Until I read an article this morning by Ursula K Le Guin, I had absolutely decided not to read one word of GO SET A WATCHMAN. Now I’m no longer sure.
Why the fuss, you ask. Why the indecision about an issue of so little importance? Just read GO SET A WATCHMAN and decide for yourself whether it was worth the time. You can always put it down before you finish.
Besides, wouldn’t it be interesting to trace the whole, otherwise mysterious journey of a great novel’s composition? GO SET A WATCHMAN as a first draft to which an astute editor reacts by advising Harper Lee to set the novel when Scout was still an innocent child – the result: TO KILL A MOCKINBIRD.
But how can losing the Atticus Finch we know from reading TO KILL A MOCKINGBIRD be an issue of little importance? We know him too well, and he is too real, and dear to us, to take that lightly. Readers of fiction live in two worlds, the “real” one, crammed with unmediated incidence: We go to a funeral of a loved one, and we brush our teeth on the same day- and the vivid, compressed, world of fiction where every incident has been selected to charge that world with meaning.
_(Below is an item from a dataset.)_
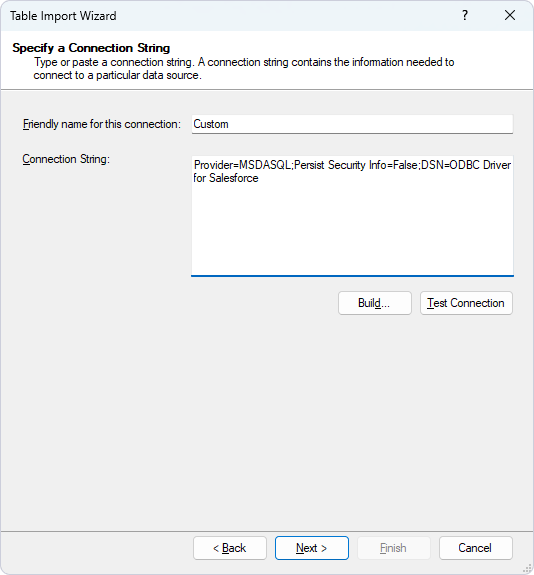 Specify the Connection string and click Next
We talk about a great work of fiction as if it were about something – an imagined happening. But a world is not about anything. It simply is.
Atticus Finch simply is the man who inhabits TO KILL A MOCKINGBIRD. I don’t want to lose him to the lesser man who inhabits GO SET A WATCHMAN.
But in her article , A Personal Take on Go Set a Watchman, Ursula K. LeGuin suggests that a more fully developed GO SET A WATCHMAN would have been a better novel that TO KILL A MOCKINGBIRD. She’s too skilled a writer to paraphrase; so I’ll quote a portion, and suggest you read the rest:
“It appears that the New York editor who handled the book (Go Set a Watchman.) was uninterested in the human and moral situation the author was attempting to describe, or in helping her work through the over-simplifications and ineptitudes of that (early) part of the book. Instead, she apparently persuaded Lee to enlarge on the very charming, nostalgic early parts of the book, when Jean Louise was Scout. Lee was encouraged to go back to childhood, and so to evade the problems of the book she wanted to write by writing, instead, a lovable fairytale.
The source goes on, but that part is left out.